You can also use milk and vinegar as a substitute as buttermilk. mix 1 cup of milk with 1 tablespoon of white vinegar and let it sit for about 5 minutes.

Heavy Cream

Place the heavy cream in a tightly sealed jar. Shake the jar like crazy for several minutes. Babysitting kids or have children? Ask them to shake it, they will think its fun…just make sure they don’t spill it or break the jar! You could also just place it in your stand mixer and use the whisk attachment on high speed until you see the cream separate.  At the end, you will see that it separated into a solid (butter) and liquid (buttermilk). Pour the buttermilk out and use it as desired. You can still use this butter, too! Just knead it over some cold water and place it in the fridge. I usually use it in whatever I am baking as it will be a good thickness.

Chocolate Chips, Baking Chocolate, Chocolate wafers…does it make a difference?
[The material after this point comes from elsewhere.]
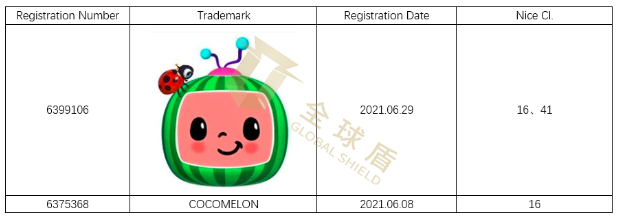 文章内容插图图片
Weirdly enough, it does. You wouldn’t think so, because I mean, its all chocolate right? But the size and the composition of these change the melting points slightly and can also affect how quickly they settle. So I would recommend following which type of chocolate is indicated in the recipes. Although when I started to bake, I only used chocolate chips (I did not enjoy chopping chocolate bars into small pieces) and the recipes still came out fine. However, when I switched to used the type of chocolate indicated, I could taste the difference!

 

Candy Thermometers…

So some of my recipes call for using a candy thermometer. My best advice it to grab one. Regular cooking thermometers might not go up to the temperature you need and also a lot don’t have a clamp for you to attach it to the side of a saucepan. And trust me, you will need that. When you are waiting for a sugar mixture to heat to 230° F, hovering over the pot with a thermometer is not ideal. Also..make sure  the thermometer does not touch the bottom of the pan. You want the temperature of the mixture, not the saucepan!

If you really can’t find a thermometer, I wouldn’t suggest making that item. For the fact that sugar and the temperatures you are baking too are very temperamental, and not heating an item up or heating something too much can ruin your recipe!

But if you are really insistent, you can heat sugar solutions to different temperatures you can test by their “stages”. This is done by taking a ting bit of solution out of the pot and placing it in a bowl of room temperature water to see how it forms. Look up a table of the stage of the sugar to test at.